Mobile TV takes three steps forward in Asia, North America, one step back in Europe

On the deployments and redeployments front, Swisscom is replacing its Swiss Air TV DVB-H service, naming insufficient DVB-H-compatible devices to make the old service a success. With Switzerland’s sales of more than 600,000 iPhones, this change in strategy was probably inevitable. The mobile TV that replaces it will use HSPA/UMTS/Edge instead.

China Mobile is launching a commercial CMMB mobile TV service using both satellite and terrestrial, like DVB-SH in Europe, with four national and two local channels targeting 500 million users in 300 Chinese cities across 27 provinces, and embracing 67 currently available mobile handset models.

Hong Kong’s Office of the Telecommunications Authority (OFTA) recently invited bids for radio spectrum for a May 2010 auction to provide mobile TV services in Hong Kong. "At present, 2.5G and 3G mobile operators are deploying streaming-type, point-to-point technologies to deliver audio-visual content to consumers. The assignment of the 678MHz-686MHz band will enable the deployment of broadcast-type, point-to-multipoint technologies to deliver audio-visual content to a much larger number of consumers," said an OFTA spokesperson.

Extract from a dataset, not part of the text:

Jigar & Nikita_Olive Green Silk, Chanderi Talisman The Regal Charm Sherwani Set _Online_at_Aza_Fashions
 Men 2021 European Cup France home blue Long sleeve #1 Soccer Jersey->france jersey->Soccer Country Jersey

Boston’s public broadcaster WGBH is using Grass Valley's Thomson platform to simulcast two mobile DTV channels in the area’s first ATSC mobile video service with. The Thomson ATSC mobile DTV terrestrial broadcast technology is backward-compatible with legacy ATSC transmission systems, enabling stations to use their existing DTV channel and the mandated ATSC 8-VSB modulation scheme.